To do
Set the material down again exactly, line by line, skipping each picture.

Information provided
=======

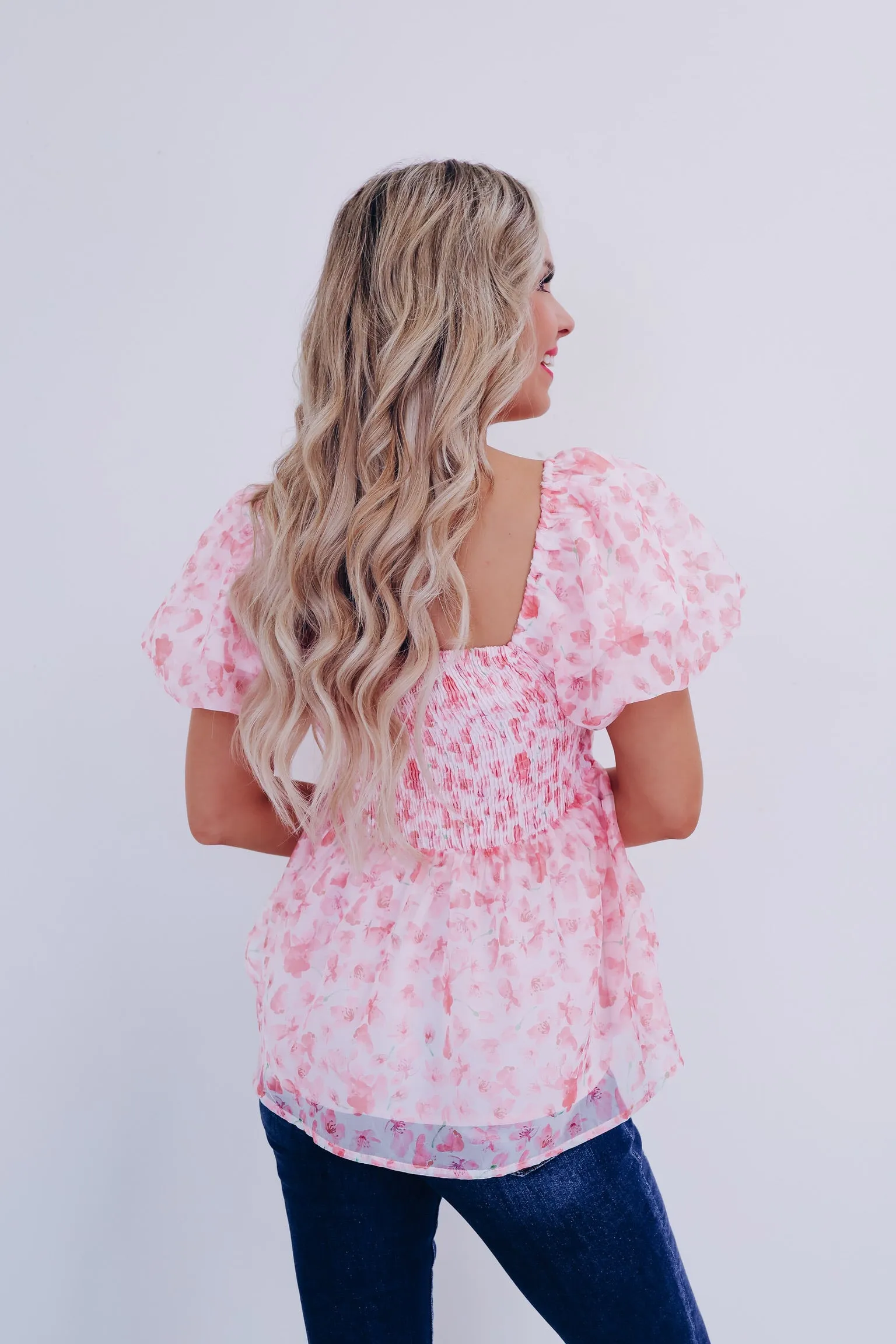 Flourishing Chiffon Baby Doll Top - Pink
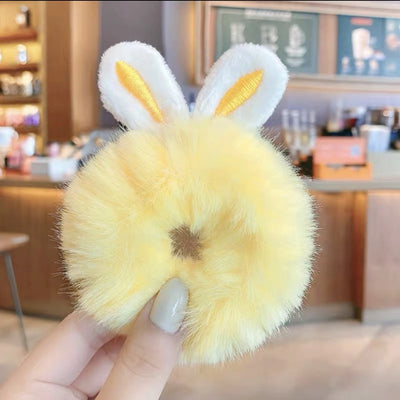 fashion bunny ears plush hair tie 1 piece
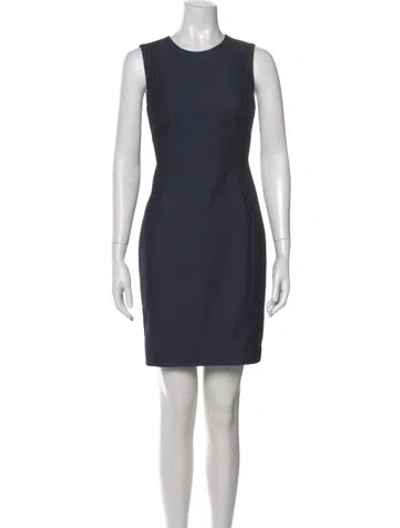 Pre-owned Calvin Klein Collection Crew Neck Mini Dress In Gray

=======

Result of this exercise
 Flourishing Chiffon Baby Doll Top - Pink
 fashion bunny ears plush hair tie 1 piece
 Pre-owned Calvin Klein Collection Crew Neck Mini Dress In Gray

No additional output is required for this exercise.